WES was performed on a highly enriched subset of CRC patients recruited to the NSCCG and a series of UK population controls from the 1958 Birth Cohort. After QC, this Discovery set comprised 1,006 early-onset (diagnosed ≤55 years) familial cases (≥1 first-degree relative with CRC) and 1,609 controls. To test the hypothesis that low-frequency variants confer risk for CRC, we performed a meta-analysis alongside 12,344 UK samples genotyped on the Illumina HumanExome-12v1_A Beadchip. To test the hypothesis that a burden of rare mutations in a gene confers risk for CRC, we performed a burden test on rare (<1% frequency) coding variants and subsequent meta-analysis alongside additional sequencing data from 3,770 UK samples (WGSET). Finally, we performed GSEA to investigate whether the burden of rare variants are overrepresented in a specific biological pathway.
Figure 2
Figure 2. Quantile–quantile plot of the T1 burden test results applying three different variant classifications.
(a) Class 1, disruptive; (b) Class 2, predicted damaging; (c) Class 3, all non-synonymous variants. MLH1, MSH2 and APC genes annotated.

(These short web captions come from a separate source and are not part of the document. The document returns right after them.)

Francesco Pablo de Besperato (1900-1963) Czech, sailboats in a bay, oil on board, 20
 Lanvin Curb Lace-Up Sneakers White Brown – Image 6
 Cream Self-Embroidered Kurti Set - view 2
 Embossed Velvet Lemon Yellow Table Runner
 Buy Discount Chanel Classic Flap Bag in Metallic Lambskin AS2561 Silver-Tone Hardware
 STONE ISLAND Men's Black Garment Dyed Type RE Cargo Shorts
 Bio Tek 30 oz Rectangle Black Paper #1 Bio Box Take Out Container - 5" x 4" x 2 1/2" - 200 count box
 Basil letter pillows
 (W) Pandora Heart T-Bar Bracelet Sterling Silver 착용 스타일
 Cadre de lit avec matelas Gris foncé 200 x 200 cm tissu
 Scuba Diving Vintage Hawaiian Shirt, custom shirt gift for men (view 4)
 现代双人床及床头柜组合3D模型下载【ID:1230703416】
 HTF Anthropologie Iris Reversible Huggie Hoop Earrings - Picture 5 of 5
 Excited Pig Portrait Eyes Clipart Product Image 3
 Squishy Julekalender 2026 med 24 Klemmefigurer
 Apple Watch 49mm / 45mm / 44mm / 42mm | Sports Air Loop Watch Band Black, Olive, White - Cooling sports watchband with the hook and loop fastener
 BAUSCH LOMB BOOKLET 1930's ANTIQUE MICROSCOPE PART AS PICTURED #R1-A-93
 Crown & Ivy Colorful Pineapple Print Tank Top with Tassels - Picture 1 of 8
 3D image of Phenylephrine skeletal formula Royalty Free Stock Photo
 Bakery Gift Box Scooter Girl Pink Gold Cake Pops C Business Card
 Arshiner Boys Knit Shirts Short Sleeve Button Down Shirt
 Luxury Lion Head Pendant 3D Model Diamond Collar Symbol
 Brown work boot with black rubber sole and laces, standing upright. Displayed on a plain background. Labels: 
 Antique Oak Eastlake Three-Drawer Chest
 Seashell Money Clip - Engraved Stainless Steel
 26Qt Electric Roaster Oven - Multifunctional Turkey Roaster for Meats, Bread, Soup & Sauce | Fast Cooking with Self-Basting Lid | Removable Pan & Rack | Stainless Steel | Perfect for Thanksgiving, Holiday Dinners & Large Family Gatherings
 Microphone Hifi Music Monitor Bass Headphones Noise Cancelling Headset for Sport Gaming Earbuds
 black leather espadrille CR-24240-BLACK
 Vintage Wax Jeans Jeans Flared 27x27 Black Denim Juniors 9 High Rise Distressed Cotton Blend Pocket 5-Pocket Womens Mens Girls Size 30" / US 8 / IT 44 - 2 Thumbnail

Dotted line corresponds to PT1-value of 8.0 × 10−7.
Figure 3
Figure 3. Contribution of rare mutations in known predisposition genes to familial CRC applying three different variant classifications.
(1) Class 1, disruptive; (2) Class 2, predicted damaging; (3) Class 3, all non-synonymous variants, and in addition, splice region variants catalogued as pathogenic by InSight or Clinvar.